Kendisi gibi ölümsüz olan iki kız kardeşi Euryale ve Stheno da kendilerini Athena’nın hizmetine sunmuştur. Poseidon, (Deniz Tanrısı) Medusa’nın eğitimi ile çok ilgilenir. Poseidon’un ilgisi onda; başarının, güzelliğin, kudretin kibrine düşmesine yol açar ve kendisinin Athena’nın bilgisine ve gücüne sahip olduğunu düşünmeye başlar.
Denizlerin Tanrısı Poseidon çok güzel olan Medusa’ya âşık olur. Medusa’nın isteği ile Symrna’da bir Vesta Rahibesi Tapınağı’nın ardından Pergamon’da buluşurlar. Bunu öğrenen Athena deliye döner, Medusa’ya savaş açar ve Medusa’nın öldürülmesini ister. Athena’nın öfkesi ile o dönem dünyada kaoslar, depremler, salgın hastalıklar başlar…
Bu üç kız kardeş Athena’ya daha yakın savaşmak için İstanbul ve Çanakkale Boğazlarının olduğu bölgeye gelirler ve İzmir Bergama bölgesini tutarlar. Büyük Tanrılar savaşı yaşanır.
Dünyada Medusa’yı temsil eden bölge Sicilya, Euryale’yi temsil eden bölge Korsika, Stheno’yu temsil eden bölge Malta ve Girit’tir. Bu bölgelerde devam eden deprem ve fırtınaların sebebi ise o dönem üç kız kardeşin yaşadığı acı, ızdırap ve yozlaşmadır.

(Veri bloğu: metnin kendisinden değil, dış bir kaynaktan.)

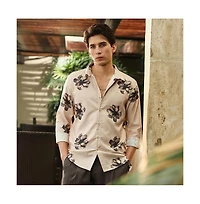 Campus Sutra Men's Ecru Beige & Midnight Black Withering Flora Imprint Shirt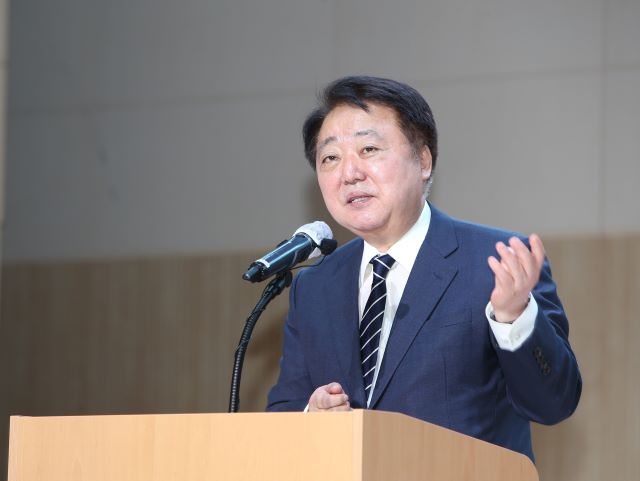 ▲ 한범덕 청주시장이 29일 이임식에서 인사말을 하고 있다. ⓒ청주시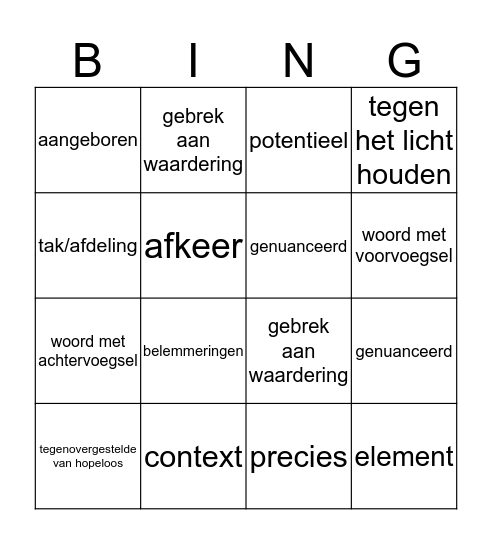 Woordjes H3 en H$ Bingo Card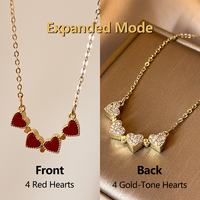 Collier réversible multi-styles fleur et cœur, motif personnalisable, ornement de cou tendance à superposer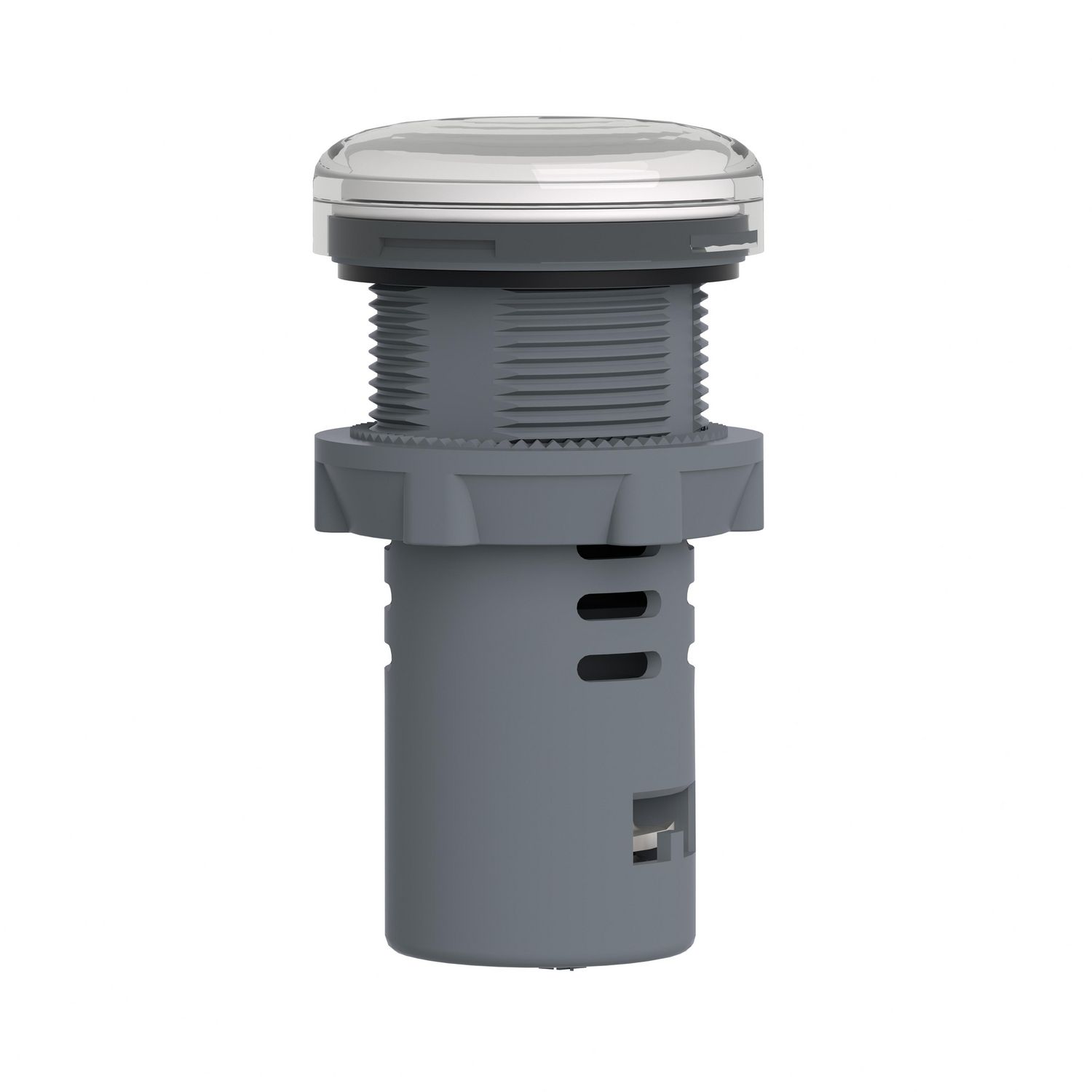 Picture of Monolithic pilot light, Easy Harmony XA2, plastic, white, 22mm, integral LED, screw clamp terminals, 220…230V AC, anti interference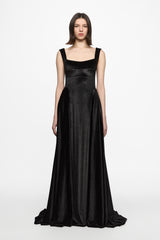 V-back velvet gown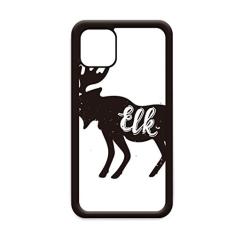 Capa de alce preto e branco animal para iPhone 12 Pro Max para Apple Mini Mobile Case Shell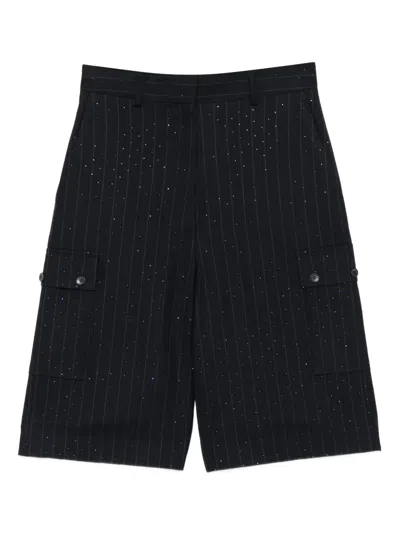 Sandro Pinstriped Tailored Shorts In Black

Athena ile Medusanın aralarında yaşanılan savaşın günümüzde hala onların soyundan gelenler arasında sürüp gittiği söylenir”
Kendimizi dışarı zor attık. Ali’ye dönüp sordum.
“Bir şey anladın mı?” dedim. Ali’nin tüm devreleri yanmıştı. Sadece,
“Atiye kim dedi?” Mıstık hemen notlarını çıkardı.
“Nedim abinin karısı Atiye abla, anlamadınız mı?” dedi. Sonra başladı anlatmaya,
“Atiye abla ile Medine abla kavga etmişler,”
“Medine abla kim?”
“Bakkal Seyfettin abinin karısı, fakat arada birkaç isim daha söyledi onların kim olduklarını çıkaramadım. Sanırım bize Görevimiz Tehlike dizisindeki gibi şifreli bir şeyler anlattı.”
Bütün mahalle çocukları toplandık. Tahsin abinin anlattıklarından bir şey çıkaramadık. Bir hafta uğraştık sonrada keyfimiz kaçtı üst mahalleyle kavga etmekten vazgeçtik. Çağlar ve ailesi üç gün sonra taşındı.
Mıstık kafayı Atiye ve Medine ablaya takmış,
“Onların üst mahalle kavgamızla ne alakası var,” diye.
Mahalleyi yeni kavrulmuş fıstık kokusu sardı. Fıstık Ahmet abi yine yapacağını yaptı.
Ben mi? En son öksüre öksüre yerdeki saçları temizliyorum.